Subjective norms are often measured with respect to the influences of influential individuals, including partners, parents, friends, and relatives. For example, Chinese people may consider the opinions of relatives or friends when planning to have a child (Luo & Mao, 2014). However, the approach that centered on the individual and considered only the influence of the perceived view of others cannot capture the complexity of fertility outcomes (Morgan & Bachrach, 2011). Research has shown that childless women with limited socioeconomic resources had higher fertility intentions if they lived near their parents, indicating the important role of support from geographically proximate parents (Raymo, 2010). In the research by Mönkediek and Bras (2018), the frequency of contact with family members at the regional level positively influenced fertility intentions by influencing individuals’ subjective norms, namely whether significant others thought they should have a child. As there is a lack of a direct measure of subjective norms in the Hong Kong Family Surveys, the current study considers the role of family functioning (mutual support, communication, and fewer conflicts) in Hong Kong families, indicating the potential influence of social norms.

While TPB was criticized for the lack of attention on material constraints and childrearing behavior (Morgan & Bachrach, 2011), a range of studies in the recent decade had involved these factors in examining perceived behavior control, including financial, housing, and health conditions (Mönkediek & Bras, 2018).
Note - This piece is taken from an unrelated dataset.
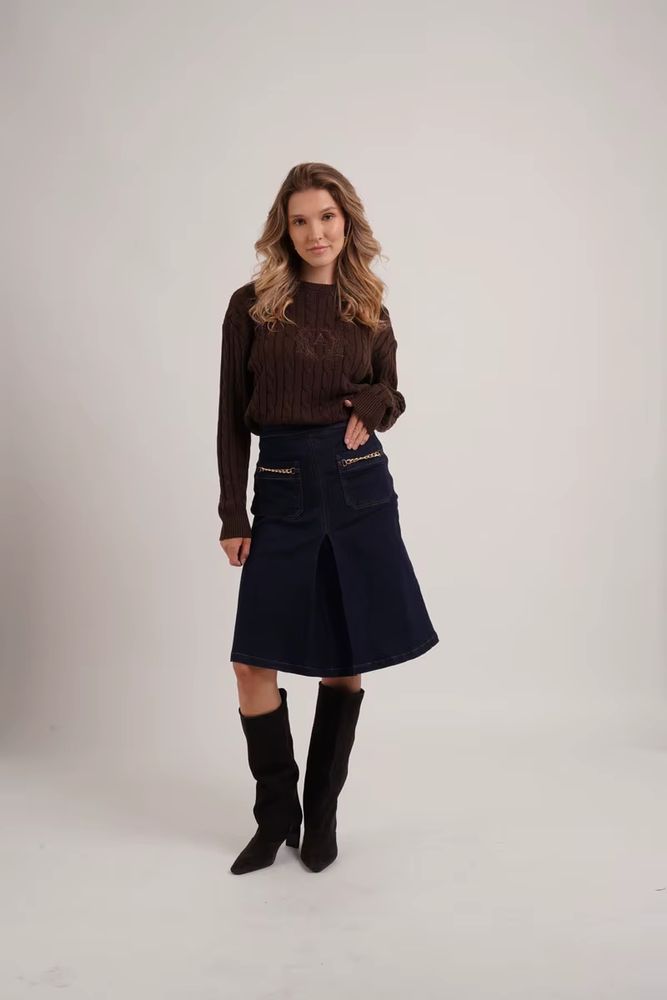 Denim Chain-Pocket Midi Skirt – Black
Research has shown that women with higher levels of perceived control over housing conditions had higher fertility intentions (Vignoli et al., 2013). However, people’s fertility intentions can be frustrated by a lack of control over their psychological distress during child rearing (Hwang & Kim, 2021; Stykes, 2019). In the current study, we considered tenure of accommodation, number of children who need care, and parenting stress when examining perceived behavior control.

Exploring Fertility Intention and Understudied Determinants in the Hong Kong Context

In the lowest-low fertility context in Hong Kong, the first objective of the current study was to explore the trend of individuals’ fertility intentions using the data from four waves of the Hong Kong Family Survey. We examined the fertility intentions of both non-parents and parents in view of the sequential decision-making involved. Furthermore, we compared the fertility intentions of women and men in view of the role of men in fertility decisions and childcare. We hypothesized that (H1) there is a gender difference in first-birth intention as well as the intention to have a second or subsequent child.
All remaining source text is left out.